Objective: Flap endonuclease 1 (FEN1) has been confirmed to involve the drug resistance of multiple cancers including breast cancer. However, the effect of miRNA-mediated FEN1 on breast cancer cell resistance is still ambiguous and needs further research.

Methods: Firstly, we used GEPIA2 to predict the FEN1 expression in breast cancer. Next, we used quantitative real-time polymerase chain reaction (qRT-PCR) and western blot to evaluate the FEN1 level of cells. After parental cells or MDA-MB-231-paclitaxel (PTX) cells being transfected with or without siFEN1, the apoptosis, migration, and protein levels of FEN1, Bcl-2, and resistance-related genes were examined by flow cytometry, wound healing assay, and western blot, respectively. Then, the putative miRNA targeting FEN1 was predicted using StarBase V3.0, and further confirmed by qRT-PCR. The targeted binding of FEN1 to miR-26a-5p was detected by dual-luciferase reporter assay. After parental cells or MDA-MB-231-PTX cells being transfected with or without miR-26a-5p mimic, the apoptosis, migration, and protein levels of FEN1, Bcl-2, and resistance-related genes were tested again.

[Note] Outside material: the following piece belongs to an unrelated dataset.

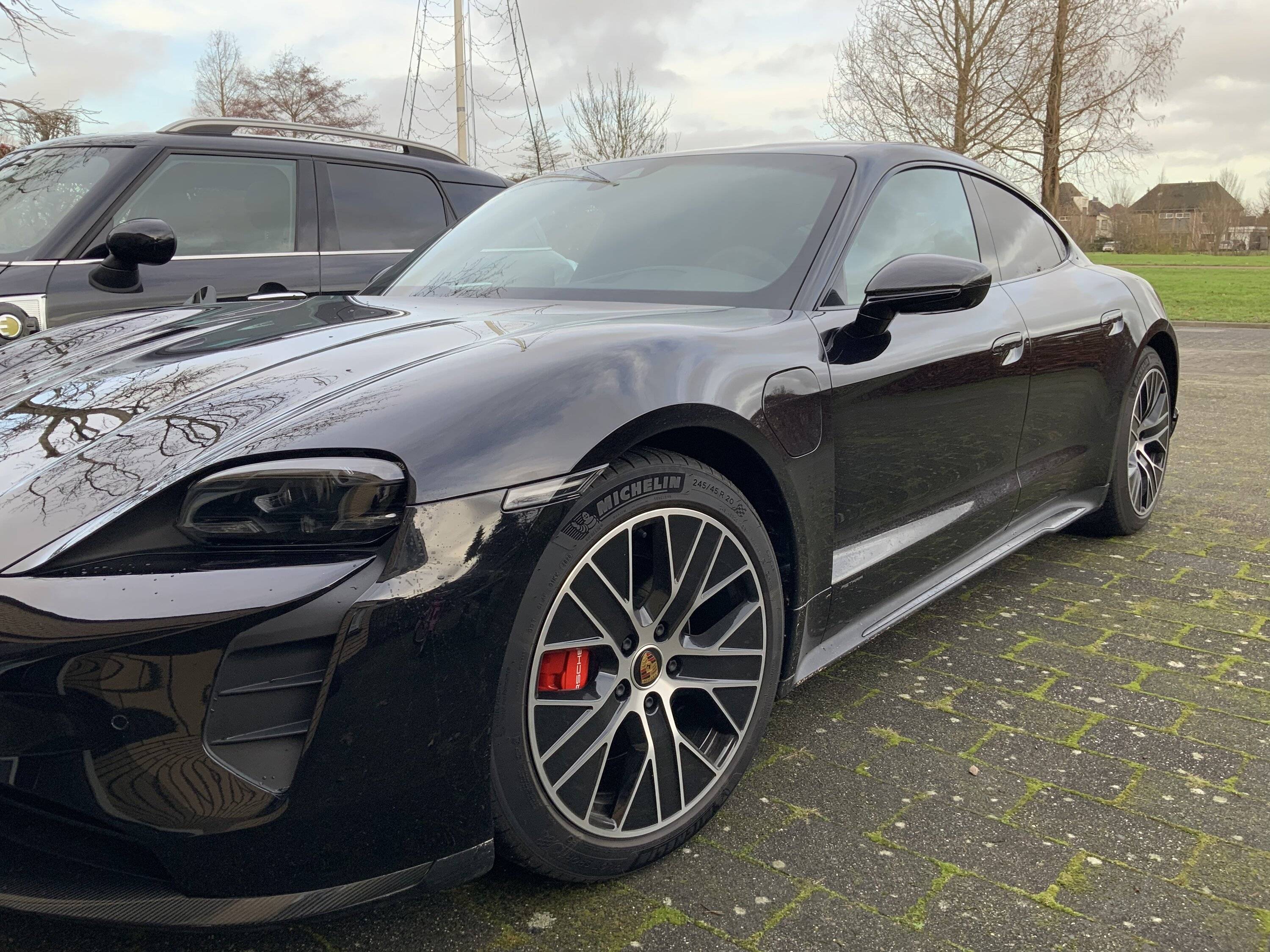 Porsche Taycan BLACK / JET BLACK Taycan Club DE6B3A2E-6247-42A0-86DE-2B005C11C4EB
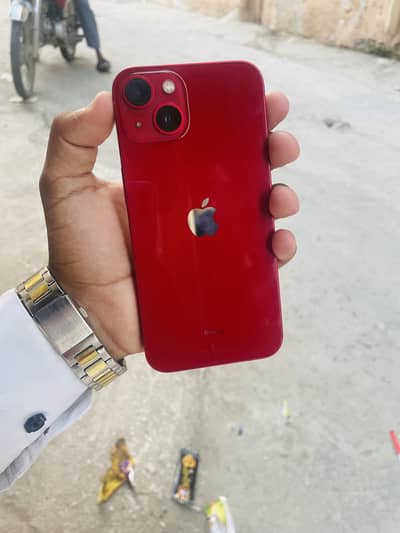 Apple iPhone 13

Results: FEN1 expression was enhanced in breast cancer and MDA-MB-231-PTX cells. The combined application of FEN1 knockdown and PTX enhanced apoptosis in MDA-MB-231-PTX cells but suppressed cell migration and expressions of FEN1, Bcl-2, and resistance-related genes. Then, we confirmed that FEN1 was targeted by miR-26a-5p. The combined application of miR-26a-5p mimic and PTX largely facilitated apoptosis in MDA-MB-231-PTX cells but restrained cell migration and expressions of FEN1, Bcl-2, and resistance-related genes.

Conclusion: MiR-26a-5p contributes to the sensitivity of breast cancer cells to paclitaxel via restraining FEN1.